In recent interview with CNBC’s Maria Bartiromo, Google’s CEO Eric Schmidt spoke out about his biggest concerns. Most pressing issue is the possible merger of Microsoft and Yahoo – which could happen as early as next week. Then there’s the problem of how to make money off YouTube – which is costing the company millions a year in hosting costs.
First, the tale of good (Google) and evil (Microsoft) and the fight over struggling Yahoo. In the interview, Schmidt talks up Yahoo’s strengths and warns about Microsoft’s evilness.
- Microsoft can’t be trusted. They have a history of antitrust issues. They take away freedom of choice and that’s the very essence of evil.
- Google likes Yahoo and Yahoo likes Google. There are mutual benefits. Together they can combine to fight against the evil forces of Microsoft.
- They go well together. Based on the positive results of a test partnership, Yahoo is considering working even more closely with Google. Yahoo ran Google ads on their network for two weeks (which raised antitrust issues against Google).

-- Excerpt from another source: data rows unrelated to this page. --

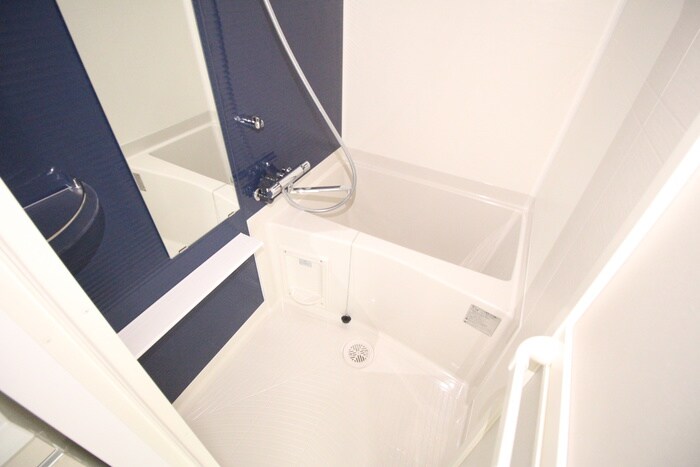 物件内観写真3　(バス／シャワールーム等)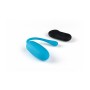 Masturbation Egg Virgite Blue by Virgite, Bullet vibrators - Ref: M0404612, Price: 39,99 €, Discount: %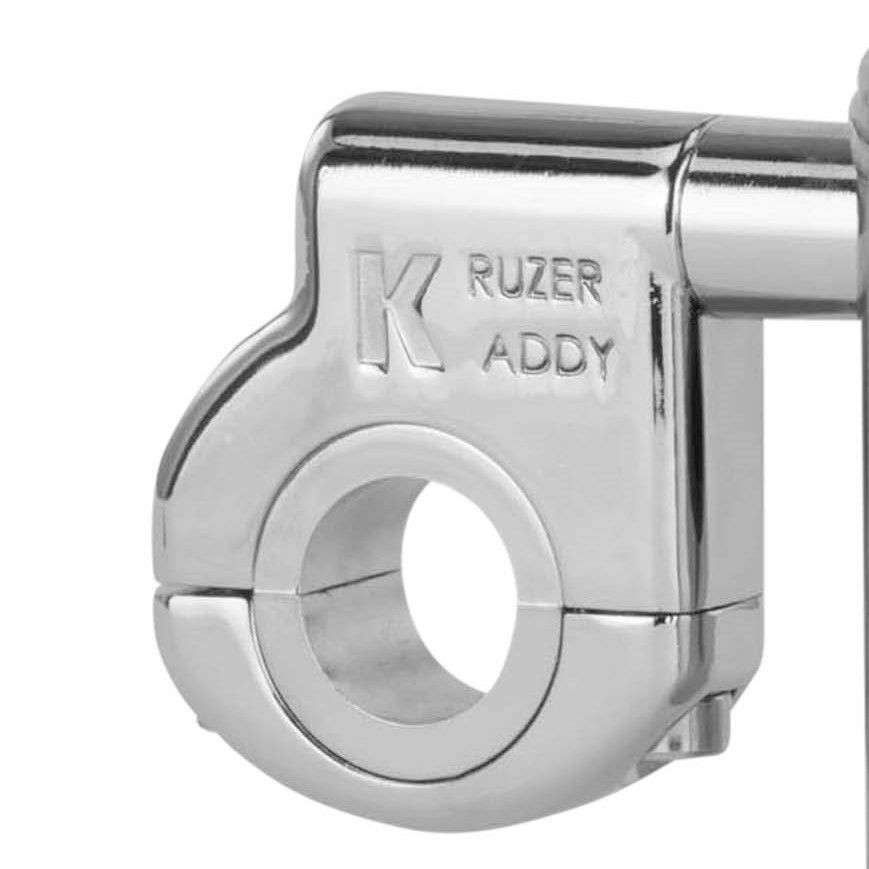 Bar Mount Clamp Kit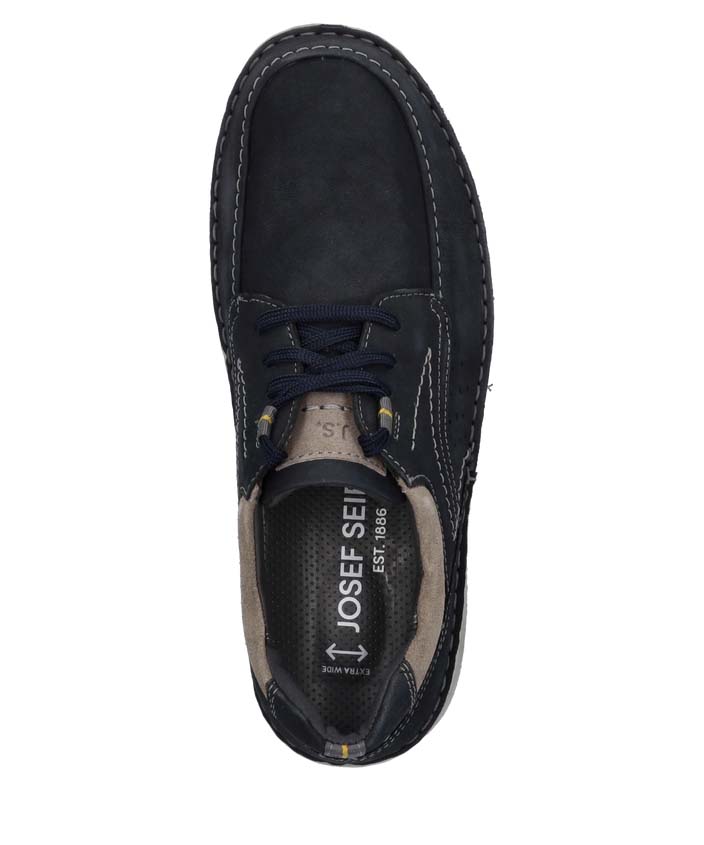 Josef Seibel Anvers 91 - Blue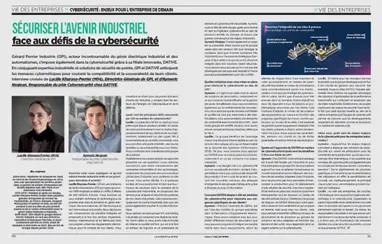 La-Jaune-et-La-Rouge specialistes cybersecurite industrielle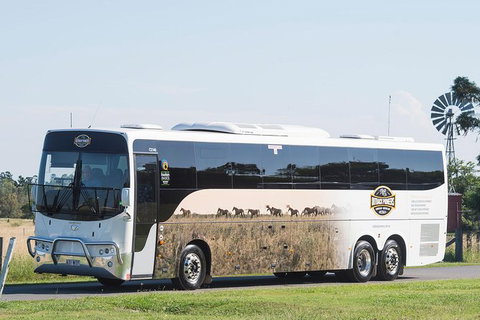 Winton Discovery Day Tour - Foster Accommodation 4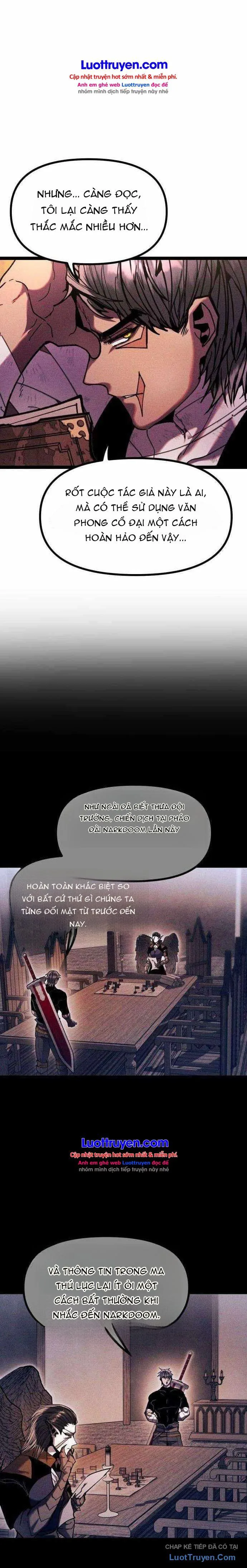 Đội Quân Ảo chương 23 - trang 14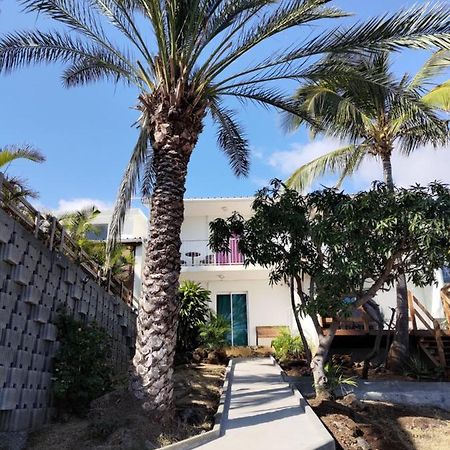 Studios Panoramik Saint-Leu Eksteriør bilde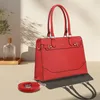 Aktentasche Damen Große Business Handtasche Schultertasche Produktbild-Vorschau 3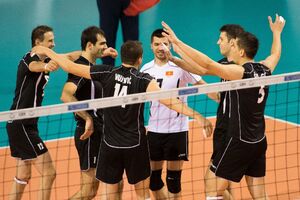 Odbojkaši Crne Gore startuju protiv Tunisa, a završavaju sa Turskom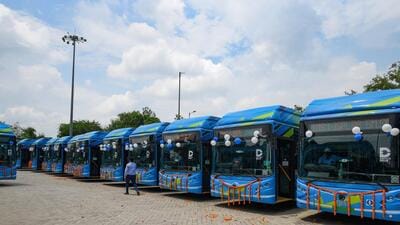 the cell was set up to facilitate the disbursement of demand incentives on vehicles, facilitate deployment of EV charging infrastructure in collaboration with stakeholder departments, and identify measures to prepare recommendations for further policy intervention to accelerate EV adoption in Delhi. (HT Archive) the cell was set up to facilitate the disbursement of demand incentives on vehicles, facilitate deployment of EV charging infrastructure in collaboration with stakeholder departments, and identify measures to prepare recommendations for further policy intervention to accelerate EV adoption in Delhi. (HT Archive)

- Schmidt has had enough of Microsoft. Throughout his career Schmidt has competed against Microsoft. He doesn’t look forward to competing with them even more intensely.
On his concerns about monetizing YouTube, Schmidt indicated that so far nothing has been promising. Google needs to capitalize on their $1.65 billion investment and he called making money on YouTube this year’s highest priority. That could mean charging for video hosting after a certain limit.
My favorite quote is:
“We’ve primarily been concerned about the possibility of a Microsoft acquisition of Yahoo because of Microsoft’s history and because the assets that Yahoo has are quite valuable. And we actually think that in the wrong hands, they could be used in the wrong way.”
Google’s always been good at storytelling and being captivating. It’s a tale where Microsoft is the villain, and Google is the superhero. Google is not only rescuing the damsel in distress (Yahoo) but fighting for the right. It’s the tech drama of the year.